[Brief descriptive captions]
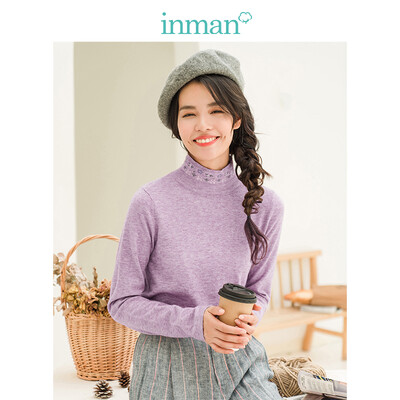 

INMAN 2018 winter new small fresh art embroidery high collar bottoming shirt sweater female 1884132534 pink purple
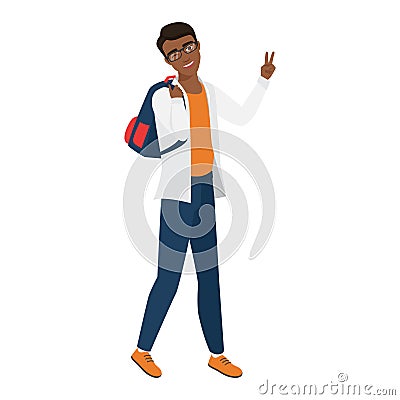 Happy male student character Vector Illustration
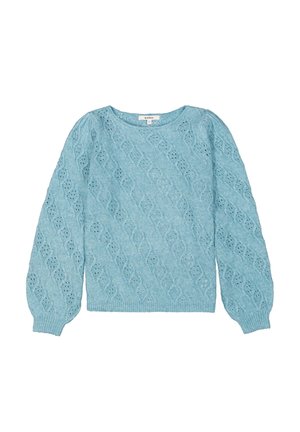 Suéter de punto azul claro con un patrón de ola texturizado, cuello redondo, mangas largas y puños y dobladillo de canalé.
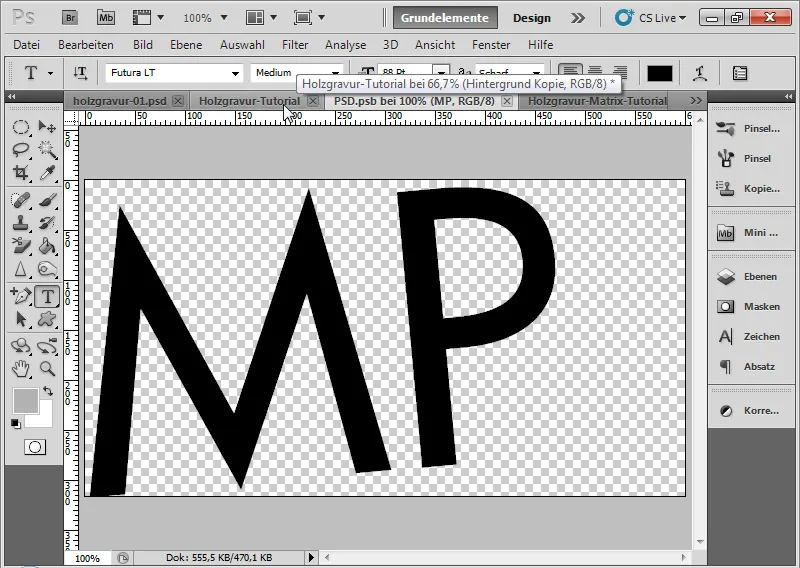 Graveringseffekt i tre for typografi og layout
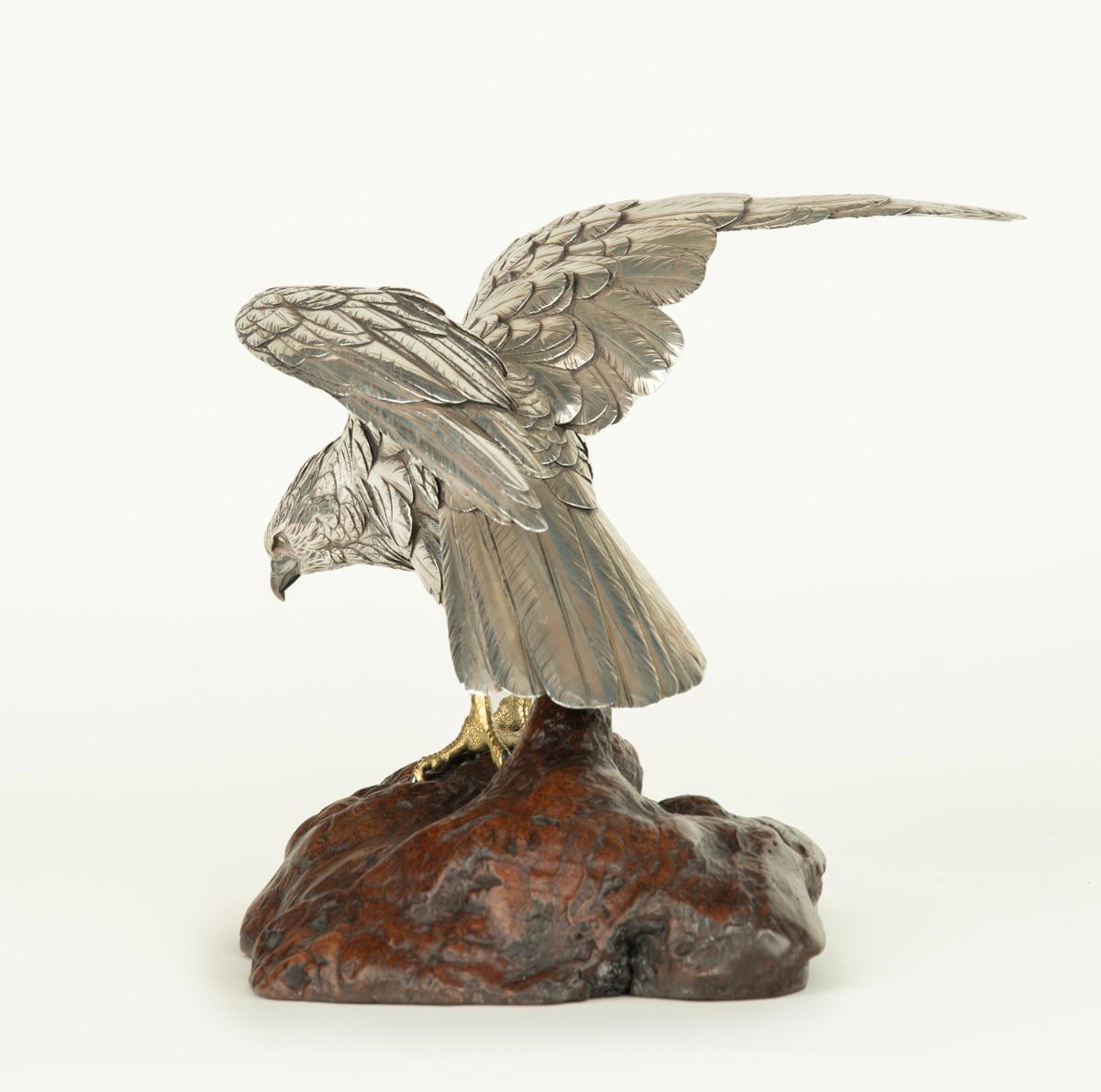 Japanese Pure Silver Hawk Okimono – Musashiya Company (Ozeki) For Sale 1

▶ **What this task involves**
Your copy of the records must be exact and must contain no pictures.

▶ **Response to this task**
INMAN 2018 winter new small fresh art embroidery high collar bottoming shirt sweater female 1884132534 pink purple
 Happy male student character Vector Illustration
 Suéter de punto azul claro con un patrón de ola texturizado, cuello redondo, mangas largas y puños y dobladillo de canalé.
 Graveringseffekt i tre for typografi og layout
 Japanese Pure Silver Hawk Okimono – Musashiya Company (Ozeki) For Sale 1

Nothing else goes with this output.